Amsterdam Amsterdam

 

 


He moved into the apartment my windows faced, so close I could throw an egg. When his windows were open I heard him say he wanted to know everything about the world. He was bent over a globe. I didn’t know men had globes in their bedrooms, and I thought that was a curious thing to say. At the time, I was eating a grilled cheese sandwich with burnt crust.

Because he talked loudly to himself, I discovered his name was Amsterdam. I liked the way it ran when I doubled it, ‘Amsterdam Amsterdam,’ people rushing down stairs to the subway to catch a train.


My mother prepared me for men, describing rough and tumble, sweat and stink men. ‘A woman has to compromise,’ she said, ‘if she wants to get ahead.’

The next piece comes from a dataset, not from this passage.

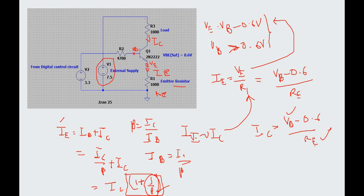That is why in the simulation, when we varied the collector voltage, the load current remained constant. This is a simple theoretical calculation confirming the same.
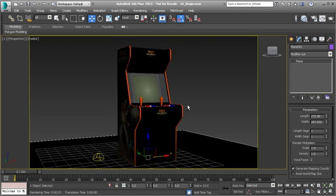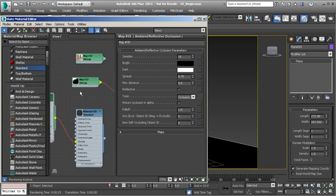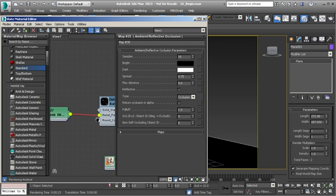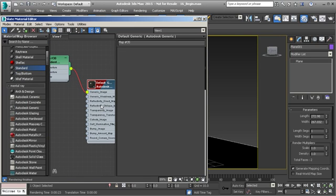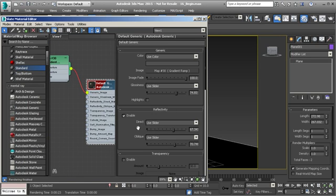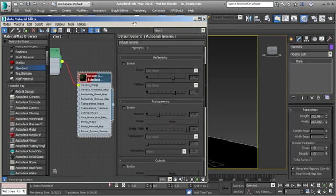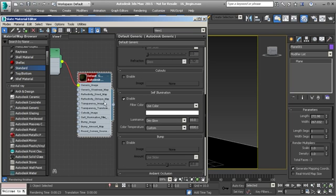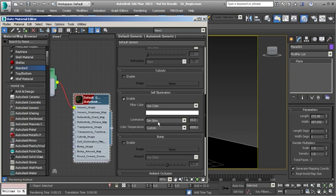There is one problem with our screen material — it was highly reflective and I don't want that. Let's go ahead and turn off the reflectivity for now. Instead, let's turn on Self Illumination on that material to make it a little bit brighter so it shows up, just a dim glow. That looks good.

I didn’t tell her about Amsterdam, but if I had, she’d say, ‘A pink vase, with daisies? A purple handkerchief? He’s not right.’

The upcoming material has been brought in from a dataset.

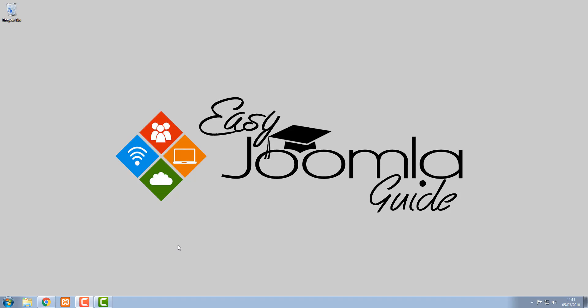Hi and welcome to this Easy Joomla Guide tutorial. In this tutorial I'm going to give you a quick overview of the admin area of Joomla website.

Three thousand miles from mother, I imagined Amsterdam’s bed a ship. Bookshelves lined two walls; he steered a ladder to reach the top volumes.

When I first watched, I stayed low, turned off the lights and sat on the floor. Pebbles I’d brought in pressed into my legs. When the weather was hot, my skin stuck to the hardwood floors. Each night as I spied I ate one tiny square of dark chocolate. In ten squares I noticed a pattern.

His work was numbers. Ledgers and graphs and plotting down exact locations with his pen. He ate Italian food, seven kinds of pasta in seven days. Fusili penne rigatoni angel hair linguine spaghetti lasagna. On the eighth day he brought home Chinese in white and red boxes. He broke open two fortune cookies, read the fortunes, threw the cookies away. Then for two days I didn’t see him cook or eat, but he was home later than usual so I assumed he’d been out.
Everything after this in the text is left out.